WHAT YOU HAVE TO DO -
Exactly the lines from the one containing "Poliția blochează un" through the final line of the data below, with pictures omitted, make up the answer.

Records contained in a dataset
Segment Open

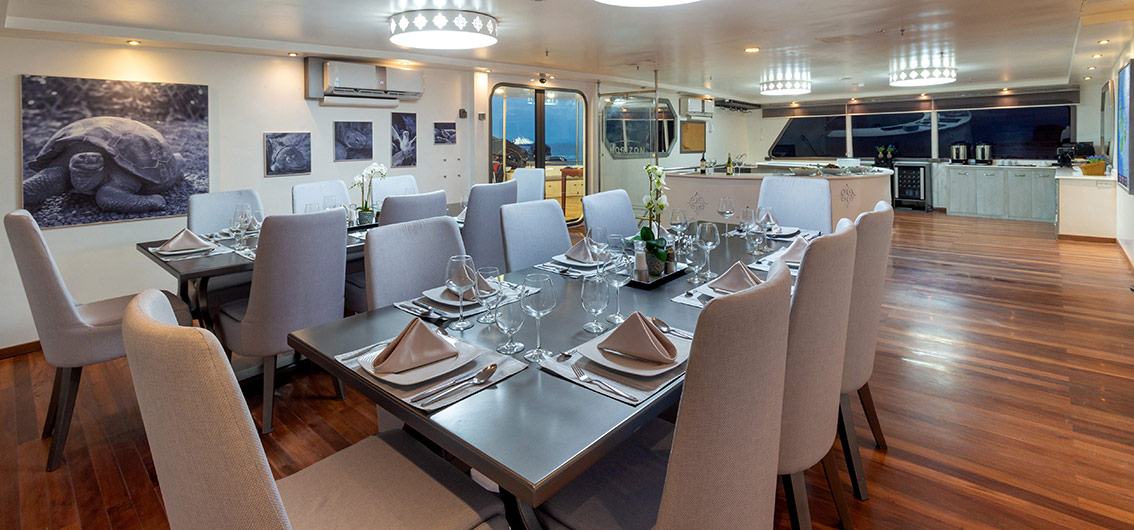 Trimaran-Horizon_Restaurant---Credit Royal Galapagos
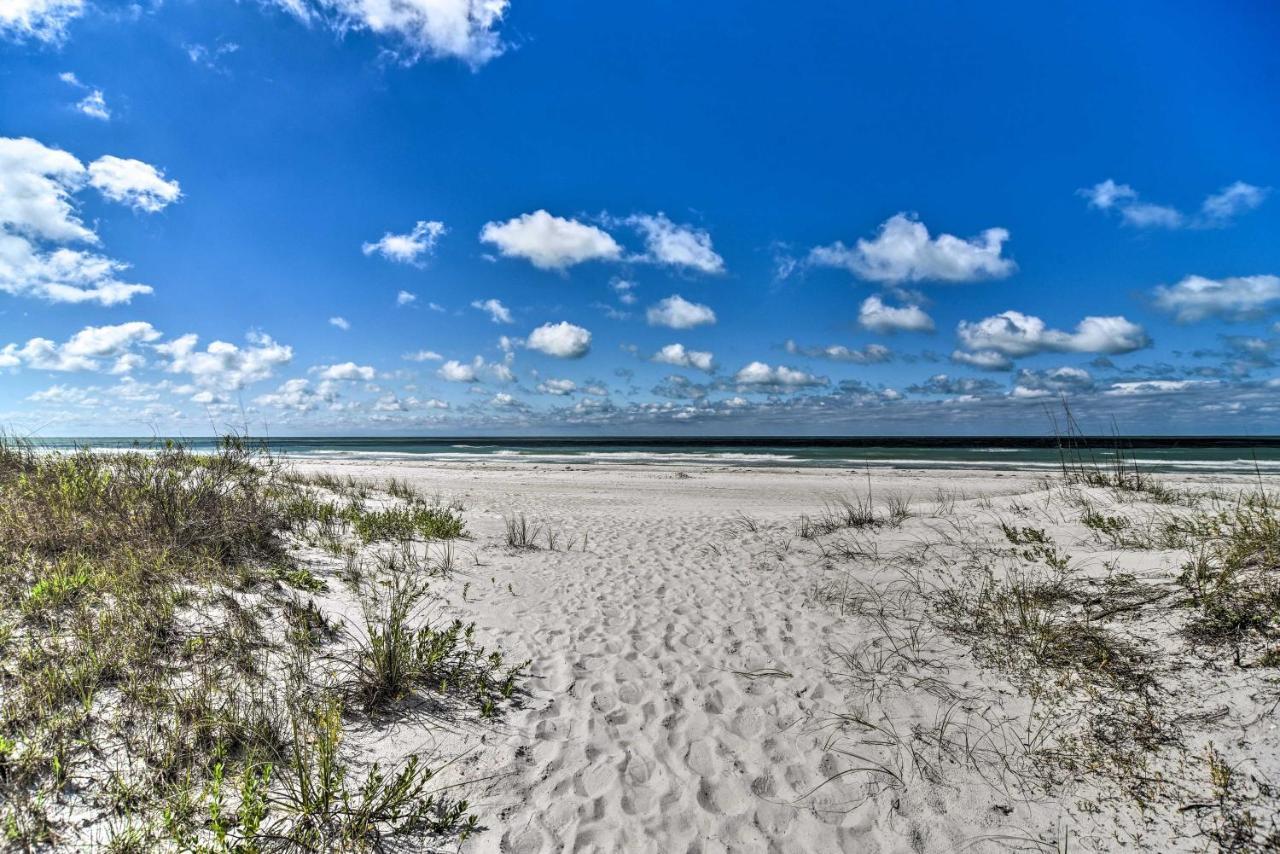 Sun-Soaked Coastal Hideaway - Steps To Beach! Clearwater Beach Exterior foto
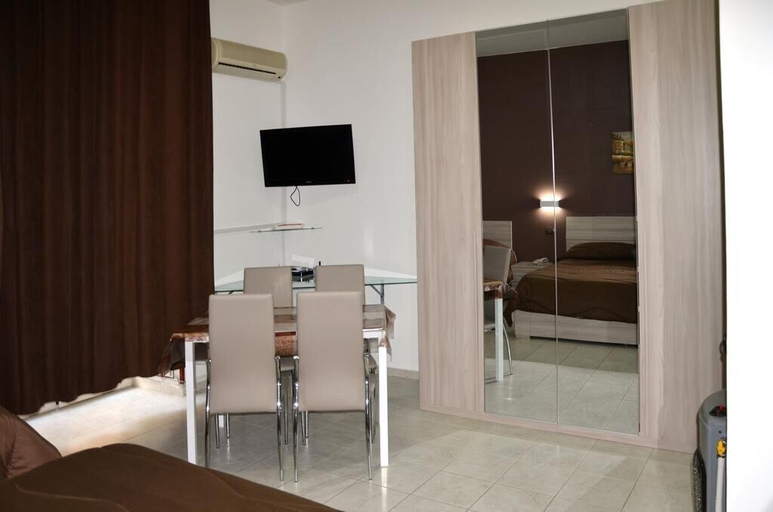 Bedroom 2, Charlie Hotel, Napoli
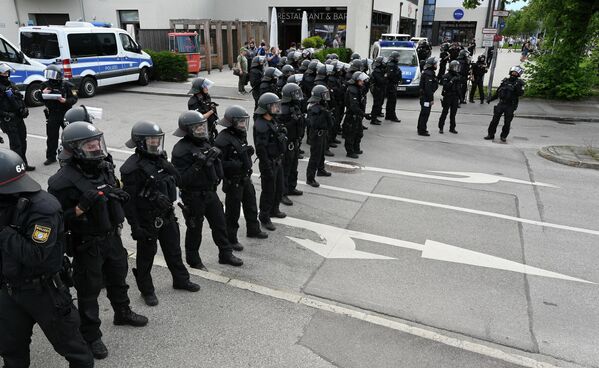 Poliția blochează un drum în timpul unei demonstrații împotriva Summitului G7 - Sputnik Moldova-România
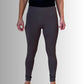 En person står model til E Avantgardes mørkegrå højtaljede leggings med en sort skjorte på en grå til hvid baggrund. Kun underkroppen, benene og hænderne er vist; hoved og fødder er uden for billedet.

Segment Closed

TASK ANSWER -
 Poliția blochează un drum în timpul unei demonstrații împotriva Summitului G7 - Sputnik Moldova-România
 En person står model til E Avantgardes mørkegrå højtaljede leggings med en sort skjorte på en grå til hvid baggrund. Kun underkroppen, benene og hænderne er vist; hoved og fødder er uden for billedet.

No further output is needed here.